Wszechświat w twojej dłoni - Christophe Galfard [RECENZJA]

by - 08:35


Tego lata tj. 27 Lipca, miało miejsce na niebie niezwykłe wydarzenie. A właściwie dwa wydarzenia, które odbyły się jednocześnie. Jednym było najdłuższe zaćmienie księżyca, a drugim opozycja Marsa. Można powiedzieć, że to najważniejsze astronomiczne wydarzenie w 2018. Ale po co ograniczać się tylko do tego co widzimy? Czas zrobić własne największe wydarzenie astronomiczne i to na skale wszechświata. Zapraszam do recenzji książki „Wszechświat w twojej dłoni” autorstwa Christophe’a Galfard’a, która zabierze was w najdalsze zakątki wszechświata, jak i pokaże mikrokosmos. 

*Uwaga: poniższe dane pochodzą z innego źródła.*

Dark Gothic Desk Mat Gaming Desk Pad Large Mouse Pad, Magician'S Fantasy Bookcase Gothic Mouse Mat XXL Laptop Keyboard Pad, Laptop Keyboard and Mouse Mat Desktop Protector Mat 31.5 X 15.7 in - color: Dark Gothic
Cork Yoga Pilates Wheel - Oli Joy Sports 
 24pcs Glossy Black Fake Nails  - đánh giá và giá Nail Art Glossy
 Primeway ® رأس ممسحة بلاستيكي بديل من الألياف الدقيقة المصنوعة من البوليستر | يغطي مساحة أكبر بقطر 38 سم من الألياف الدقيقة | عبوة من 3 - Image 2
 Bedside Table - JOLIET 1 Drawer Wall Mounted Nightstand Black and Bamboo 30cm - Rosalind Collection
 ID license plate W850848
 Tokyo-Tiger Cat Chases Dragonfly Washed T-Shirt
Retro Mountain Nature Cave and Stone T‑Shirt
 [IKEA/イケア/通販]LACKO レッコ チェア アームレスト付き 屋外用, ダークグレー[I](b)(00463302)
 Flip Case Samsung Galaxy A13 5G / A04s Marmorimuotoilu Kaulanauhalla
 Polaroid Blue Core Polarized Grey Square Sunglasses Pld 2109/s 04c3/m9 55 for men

Witajcie w prawdziwym (wszech)świecie

Cała książka jest kompletna pod względem przedstawionego materiału. Na prawie czterystu stronach poznajemy sporo szczegółów na temat wszechświata i mikrokosmosu, wraz z teorią względności i mechaniką kwantową. Autor naprawdę mocno stara się zainteresować czytelnika nie suchymi faktami, a ciekawymi, plastycznymi opisami i zabawą wyobraźnią. Bardzo mi się to spodobało, dzięki czemu książka nie brzmi jak kolejny podręcznik do fizyki. Najwidoczniej autor wziął sobie za punkt honoru, przedstawienie jak najbardziej obrazowo zawiłości naszego wszechświata. Na uznanie zasługuje także polski projekt okładki, która niewątpliwie przyciąga spojrzenia.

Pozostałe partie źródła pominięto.